We gaan simpelweg niet in eerste instantie naar de kerk om daar liederen te zingen. We gaan niet naar de kerk om daar broers en zussen te ontmoeten. Ons doel is niet om te leren, of om iets in het kinderwerk te mogen doen, of de muziek, of… We gaan niet naar de kerk voor een religieus verenigingsleven. We gaan naar de kerk omdat we hongeren en dorsten naar iets dat ons kan vervullen. En deze Levensbron staat met armen wijdt open klaar om ons te ontvangen aan Zijn tafel. Want aan Zijn tafel ís Hij aanwezig. Het avondmaal is méér dan een symbolische herdenking van het offer. God startte 2000 jaar geleden een nieuwe gemeenschap met twaalf imperfecte jonge mensen. 'Een plek waar Hij aanwezig kon zijn en waarin Zijn aanwezigheid zichtbaar zou worden aan de wereld,' luidt een citaat uit Faithul Presence.
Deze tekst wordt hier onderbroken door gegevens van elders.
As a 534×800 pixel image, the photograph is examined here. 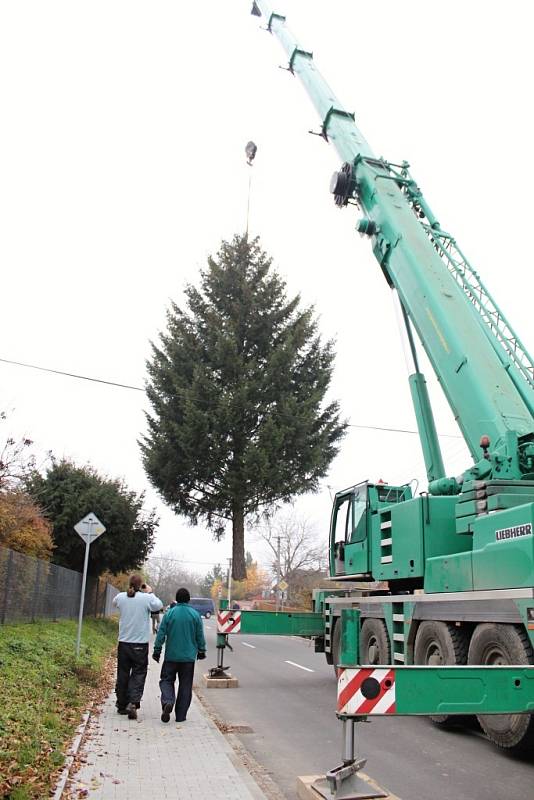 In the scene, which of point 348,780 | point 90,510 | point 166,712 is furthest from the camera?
point 90,510

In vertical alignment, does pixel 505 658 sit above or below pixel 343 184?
below

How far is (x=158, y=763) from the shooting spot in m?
6.39

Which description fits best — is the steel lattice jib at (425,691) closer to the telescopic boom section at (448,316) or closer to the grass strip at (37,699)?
the grass strip at (37,699)

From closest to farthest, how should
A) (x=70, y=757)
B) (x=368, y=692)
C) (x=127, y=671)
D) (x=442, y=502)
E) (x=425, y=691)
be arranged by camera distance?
(x=368, y=692) < (x=425, y=691) < (x=70, y=757) < (x=127, y=671) < (x=442, y=502)

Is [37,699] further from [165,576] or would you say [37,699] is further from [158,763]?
[165,576]

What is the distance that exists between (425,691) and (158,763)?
118 inches

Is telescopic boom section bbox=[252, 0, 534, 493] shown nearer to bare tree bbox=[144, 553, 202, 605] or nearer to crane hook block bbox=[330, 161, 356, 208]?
crane hook block bbox=[330, 161, 356, 208]

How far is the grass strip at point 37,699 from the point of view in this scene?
5285 millimetres

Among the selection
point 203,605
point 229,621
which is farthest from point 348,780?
point 203,605

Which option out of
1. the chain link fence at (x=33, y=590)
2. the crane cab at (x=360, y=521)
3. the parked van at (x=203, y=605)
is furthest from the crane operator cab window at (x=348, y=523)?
the parked van at (x=203, y=605)

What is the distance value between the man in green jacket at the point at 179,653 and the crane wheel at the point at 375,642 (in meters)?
3.06

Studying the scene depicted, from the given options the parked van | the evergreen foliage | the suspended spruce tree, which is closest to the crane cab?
the evergreen foliage

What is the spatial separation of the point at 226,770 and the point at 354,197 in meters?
10.2

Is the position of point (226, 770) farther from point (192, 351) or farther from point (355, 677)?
point (192, 351) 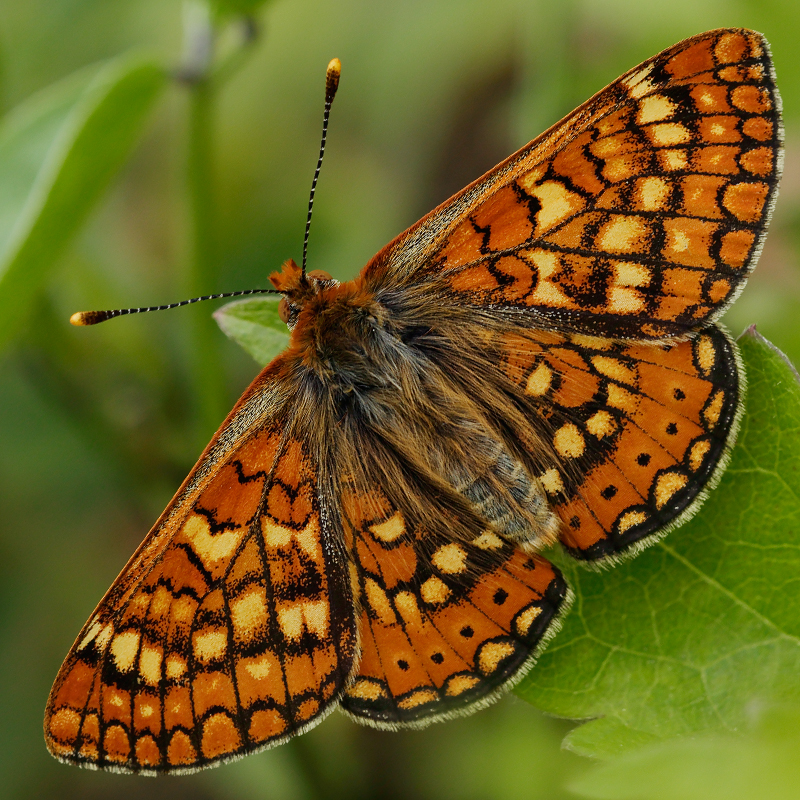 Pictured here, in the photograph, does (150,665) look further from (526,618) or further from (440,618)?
(526,618)

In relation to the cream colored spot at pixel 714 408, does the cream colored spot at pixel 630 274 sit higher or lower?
higher

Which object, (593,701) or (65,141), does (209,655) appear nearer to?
(593,701)

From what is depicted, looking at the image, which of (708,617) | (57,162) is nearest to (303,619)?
(708,617)

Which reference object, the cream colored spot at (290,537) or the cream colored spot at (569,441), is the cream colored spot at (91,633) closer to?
the cream colored spot at (290,537)

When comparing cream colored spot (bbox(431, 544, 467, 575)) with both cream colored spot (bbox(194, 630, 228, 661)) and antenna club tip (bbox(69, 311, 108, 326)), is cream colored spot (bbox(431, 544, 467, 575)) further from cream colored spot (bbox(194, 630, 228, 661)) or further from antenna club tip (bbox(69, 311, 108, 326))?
antenna club tip (bbox(69, 311, 108, 326))

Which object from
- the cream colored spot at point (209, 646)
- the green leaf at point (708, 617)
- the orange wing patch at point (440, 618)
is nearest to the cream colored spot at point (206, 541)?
the cream colored spot at point (209, 646)
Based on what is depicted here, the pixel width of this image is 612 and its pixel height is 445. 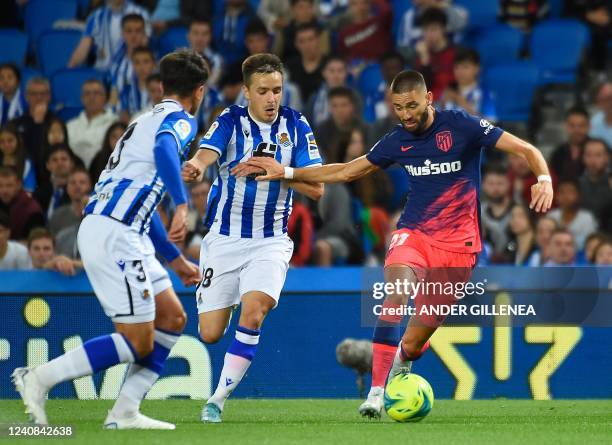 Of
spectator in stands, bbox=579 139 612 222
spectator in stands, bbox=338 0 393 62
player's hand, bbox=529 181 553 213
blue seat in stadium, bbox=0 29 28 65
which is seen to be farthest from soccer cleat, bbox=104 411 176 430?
blue seat in stadium, bbox=0 29 28 65

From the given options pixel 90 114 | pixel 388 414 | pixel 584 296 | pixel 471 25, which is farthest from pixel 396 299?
pixel 471 25

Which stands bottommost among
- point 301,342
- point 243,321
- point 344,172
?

Zijn voorbeeld mogen wij volgen, ook thuis, ook op kringen. Wij mogen gastheren worden in navolging van onze Gastheer. We mogen mensen dienen en we mogen voedsel uitdelen. We mogen de aanwezigheid van Jezus, Hij die met ons meegaat, zichtbaar maken in onze huwelijken en families. We mogen Hem zichtbaar maken op de kringen en in onze zorg voor onze broers en zussen (Joh. 17; 1 Joh. 4:12). Deze tafel is minder intiem, meer open voor niet-gelovigen. Dat is vanzelfsprekend en natuurlijk. In deze setting kunnen we mensen leren wat het betekent om Jezus te kennen. Hier kunnen we een open brief van Christus zijn voor de mensen, die misschien geen Bijbel, maar wel christenen lezen. Waar Fitch mij vooral in inspireerde was het feit dat hij hier niet stopt. De aanwezigheid van Jezus in ons leven stopt hier namelijk ook niet. We mogen ook aanschuiven bij andere tafels, bij gastheren die anders denken dan wij. Wij mogen putten uit het moment dat we aanschuiven bij Jezus en dit meebrengen aan de tafel van een ander. Niet heersend en bepalend, niet betweterig. Maar zoals Jezus aanzat bij Zacheüs (Luk. 19). Bewust van wie Hij is, gevend en liefhebbend degene die Hem gastvrij ontvangt. Zo mogen wij bewust van Zijn aanwezigheid aanschuiven aan tafels van andere gastheren en gastvrouwen. We doen de schoenen uit in dat huis, als dat de gewoonte is, we passen ons aan.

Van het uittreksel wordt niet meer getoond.